If you want to, the only way to avoid it is to use a faster shutter speed. This necessarily involves compromises. If you use a faster shutter without changing any other settings, the photo will become dark. If you use a higher ISO, you'll get more noise. If you use a wider aperture (smaller f-number), you'll get less depth of field.

If you want to do a lot of party photography, it would probably be worth investing in a faster lens, i.e., one that allows you to use a wider aperture than the f/5.6 you were using. Fast zoom lenses can be very expensive – e.g., $1,500 for the Canon 16-35mm f/2.8 – so you might want to look at a fast prime lens. For example, a 28mm f/1.8 lens (Canon's is around $450) wide open would have let you shoot at about 1/100s without increasing ISO, but the depth of field might be a bit thin.

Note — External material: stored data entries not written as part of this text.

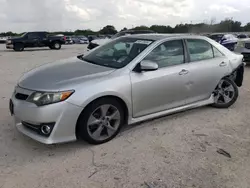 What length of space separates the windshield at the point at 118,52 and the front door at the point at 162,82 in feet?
0.74

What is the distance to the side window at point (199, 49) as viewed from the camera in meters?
4.93

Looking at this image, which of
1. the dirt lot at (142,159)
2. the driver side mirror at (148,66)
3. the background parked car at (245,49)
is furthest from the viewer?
the background parked car at (245,49)

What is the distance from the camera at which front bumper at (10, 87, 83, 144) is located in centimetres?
347

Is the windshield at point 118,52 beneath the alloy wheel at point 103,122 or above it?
above

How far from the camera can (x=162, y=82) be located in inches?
172

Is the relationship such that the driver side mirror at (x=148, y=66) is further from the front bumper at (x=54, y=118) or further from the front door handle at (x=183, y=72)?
the front bumper at (x=54, y=118)

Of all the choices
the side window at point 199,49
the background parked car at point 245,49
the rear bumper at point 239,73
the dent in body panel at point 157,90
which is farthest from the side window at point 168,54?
the background parked car at point 245,49

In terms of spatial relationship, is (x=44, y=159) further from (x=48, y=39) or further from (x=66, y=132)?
(x=48, y=39)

You should also seriously consider using flash. Good flashes aren't actually all that intrusive – as long as you don't use the camera's built-in flash, it doesn't need to do those annoying red-eye reduction flashes, and it shouldn't need to pre-flash for autofocusing. It's even less obtrusive if you're able to bounce the flash off the ceiling since, then, the bright bulb isn't pointed into your subjects' eyes. Further, basic use of a flash is straightforward and doesn't require much learning at all.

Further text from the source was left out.